== Prompt ==
The answer consists of the lines from the line holding "Nowy parking przy" through the last line of the entries, retyped exactly, and nothing else. No pictures belong in it.

──────── Provided records ────────

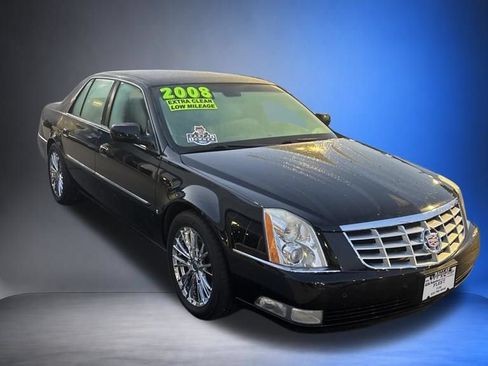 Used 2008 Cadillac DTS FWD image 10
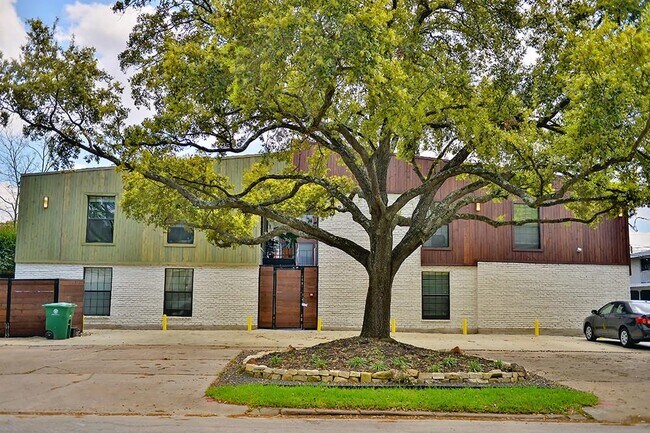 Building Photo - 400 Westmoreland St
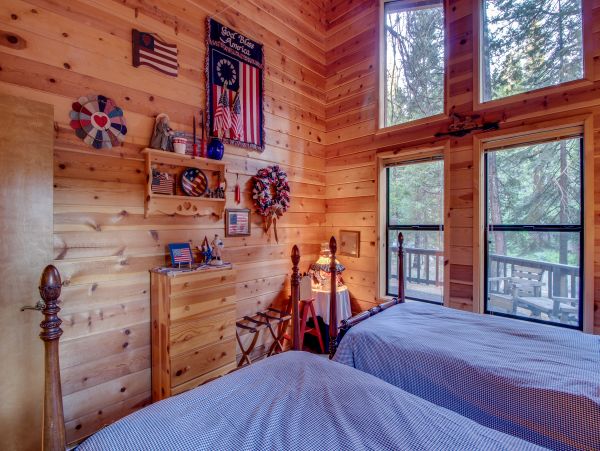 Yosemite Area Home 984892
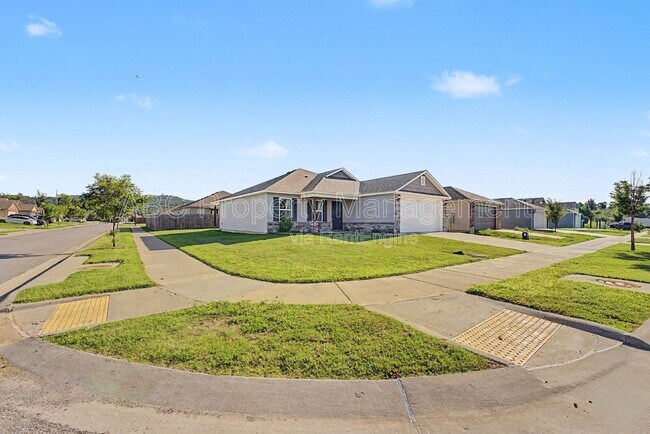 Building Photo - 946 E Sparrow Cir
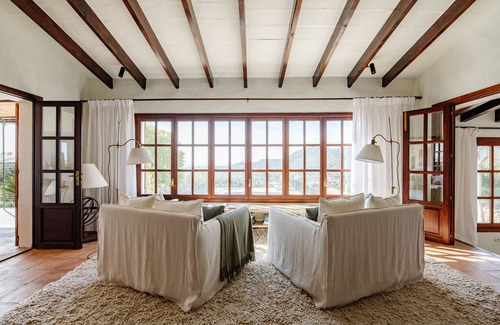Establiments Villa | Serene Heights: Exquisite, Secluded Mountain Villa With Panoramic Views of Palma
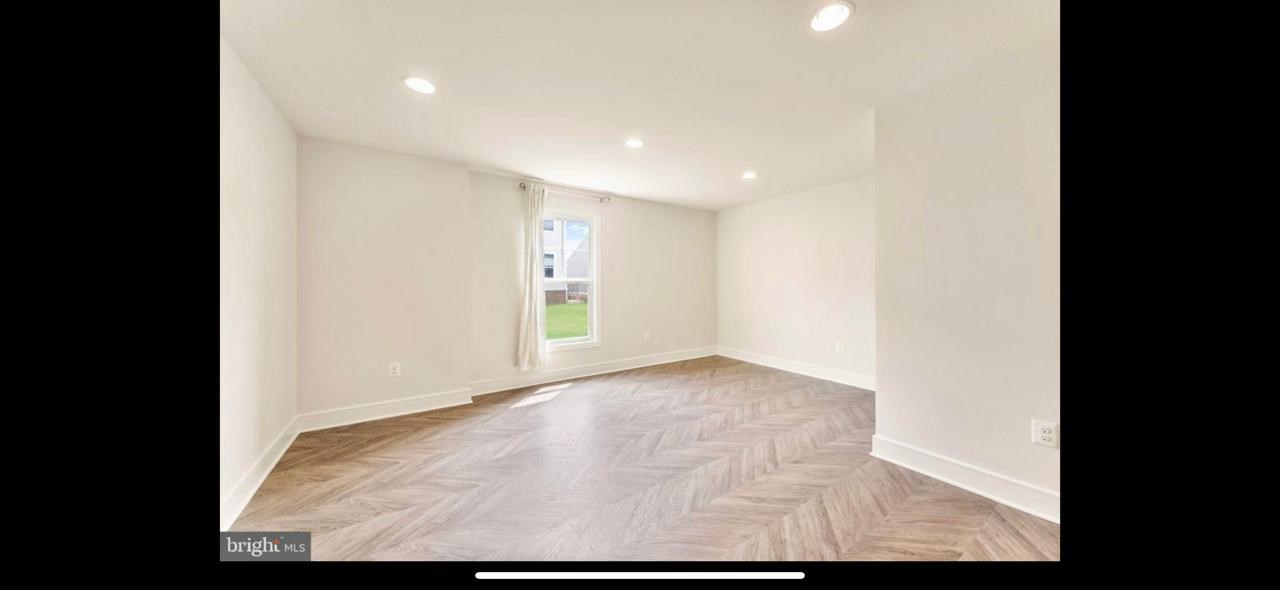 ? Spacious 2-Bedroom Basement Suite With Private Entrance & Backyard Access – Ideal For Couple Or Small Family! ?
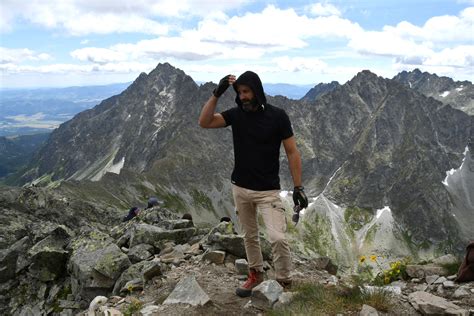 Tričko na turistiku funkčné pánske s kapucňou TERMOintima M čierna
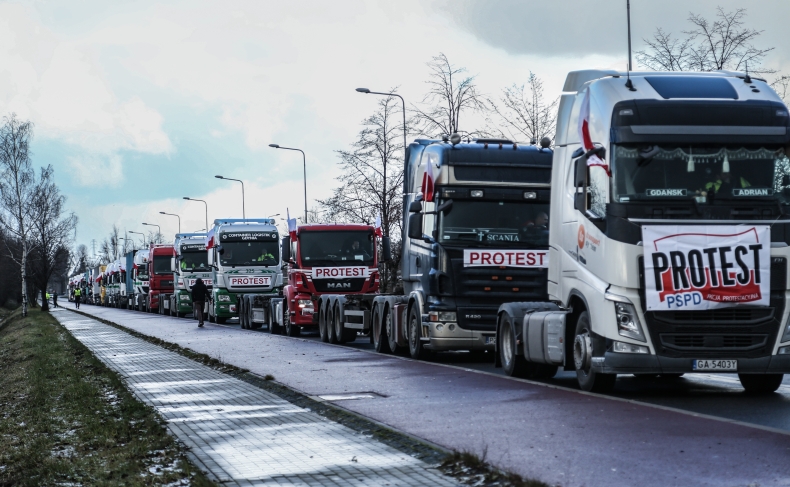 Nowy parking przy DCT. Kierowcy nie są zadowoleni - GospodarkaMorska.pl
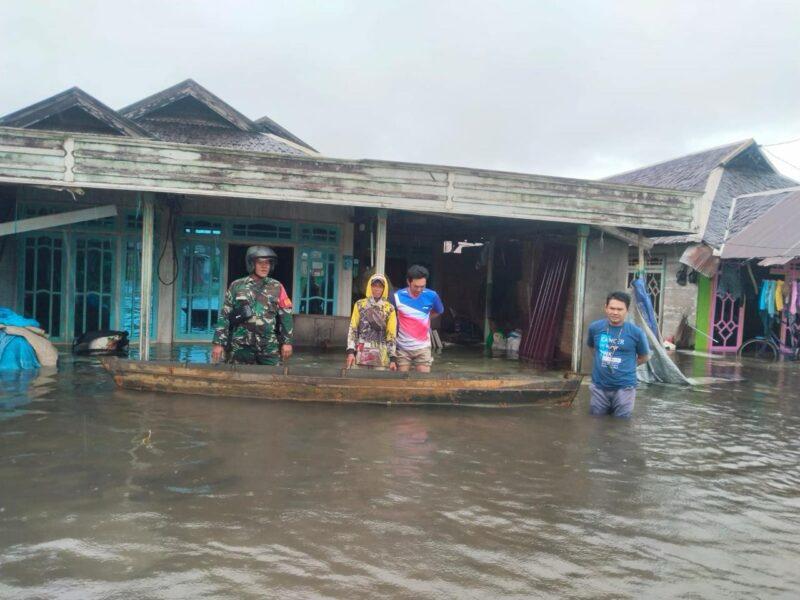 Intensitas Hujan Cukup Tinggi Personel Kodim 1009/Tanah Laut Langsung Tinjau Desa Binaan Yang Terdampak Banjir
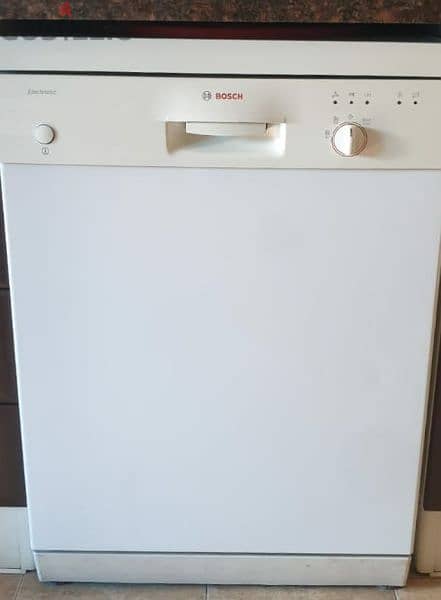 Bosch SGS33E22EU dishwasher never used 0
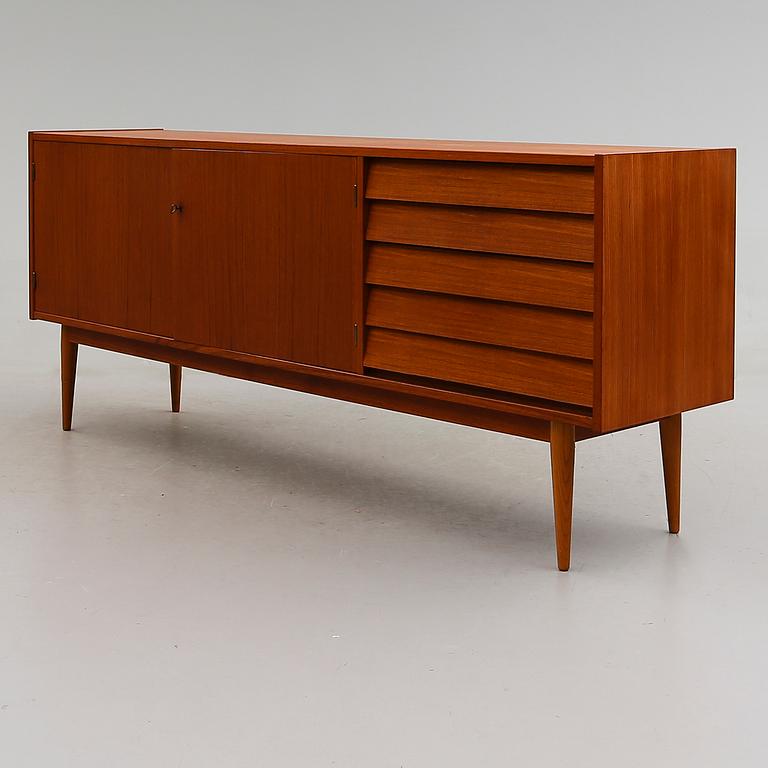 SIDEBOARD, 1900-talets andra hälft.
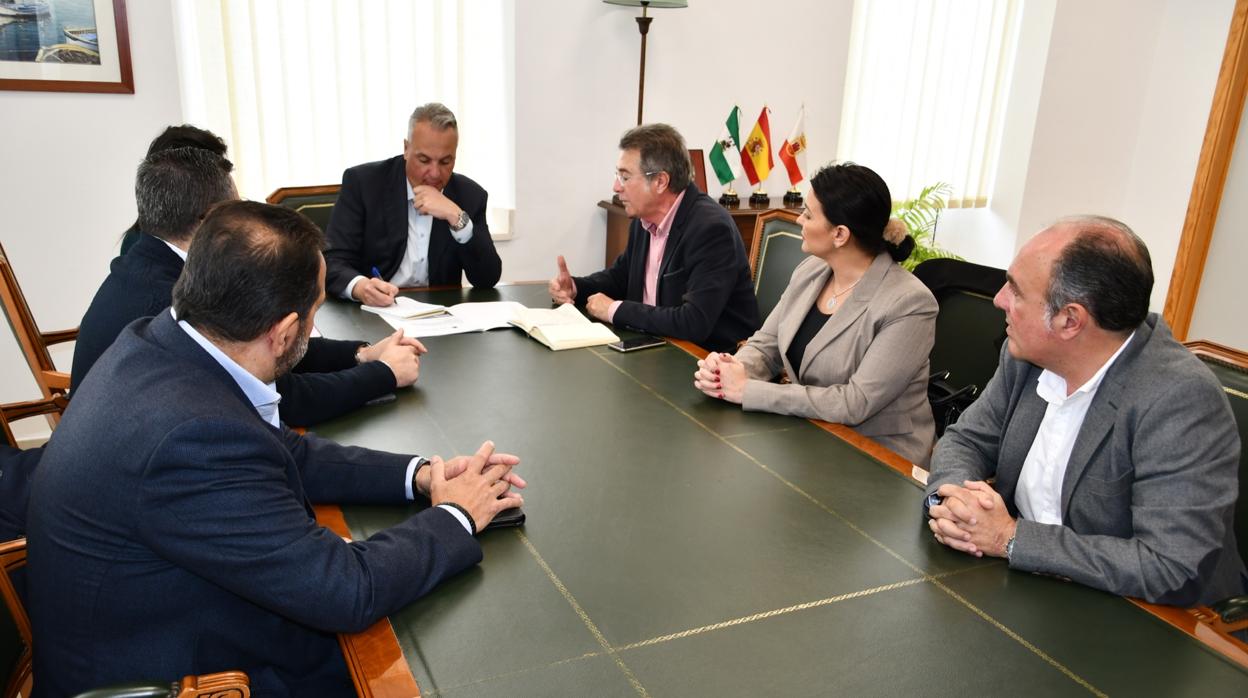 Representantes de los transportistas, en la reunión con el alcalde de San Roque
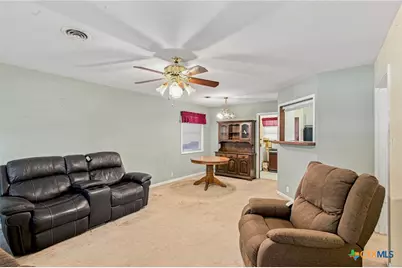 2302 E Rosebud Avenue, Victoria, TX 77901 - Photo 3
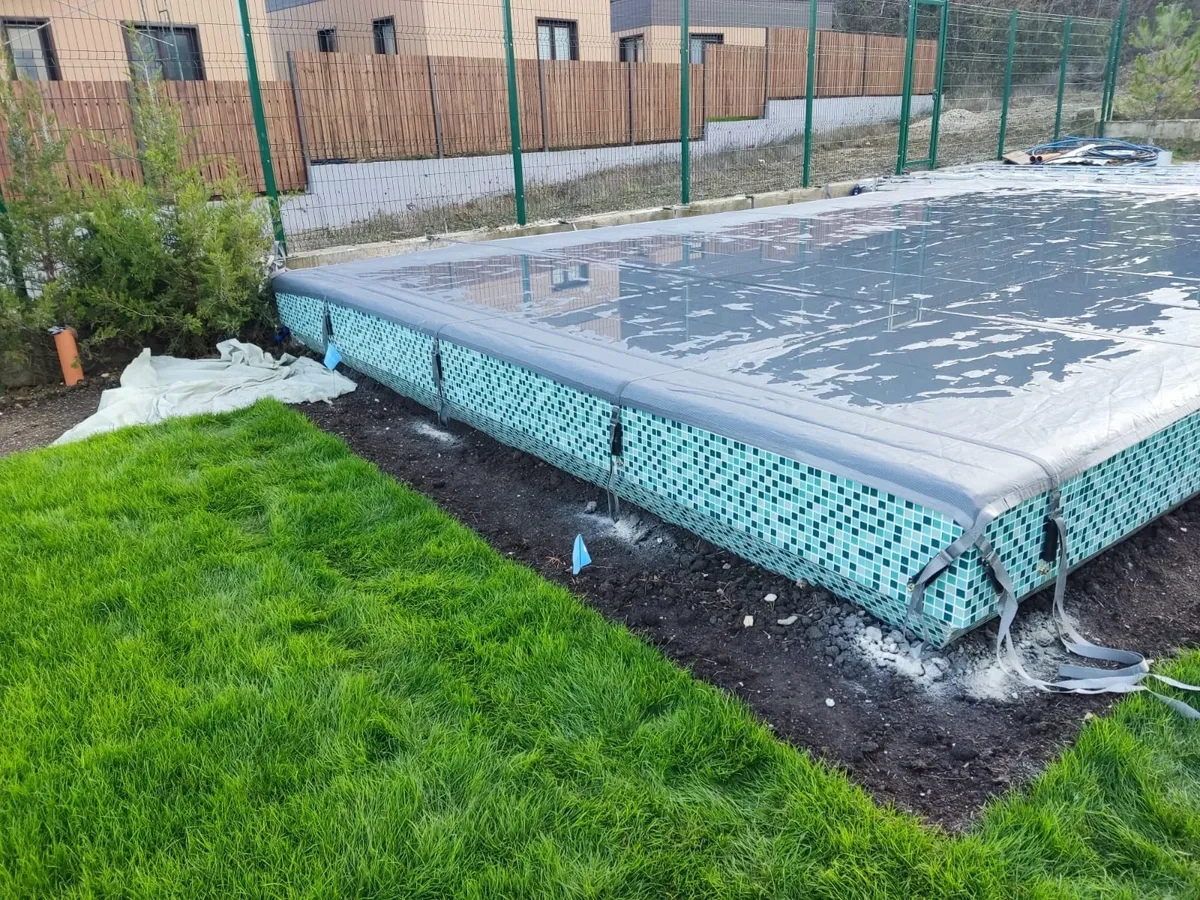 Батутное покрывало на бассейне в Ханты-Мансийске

────────

== Answer to the problem ==
 Nowy parking przy DCT. Kierowcy nie są zadowoleni - GospodarkaMorska.pl
 Intensitas Hujan Cukup Tinggi Personel Kodim 1009/Tanah Laut Langsung Tinjau Desa Binaan Yang Terdampak Banjir
 Bosch SGS33E22EU dishwasher never used 0
 SIDEBOARD, 1900-talets andra hälft.
 Representantes de los transportistas, en la reunión con el alcalde de San Roque
 2302 E Rosebud Avenue, Victoria, TX 77901 - Photo 3
 Батутное покрывало на бассейне в Ханты-Мансийске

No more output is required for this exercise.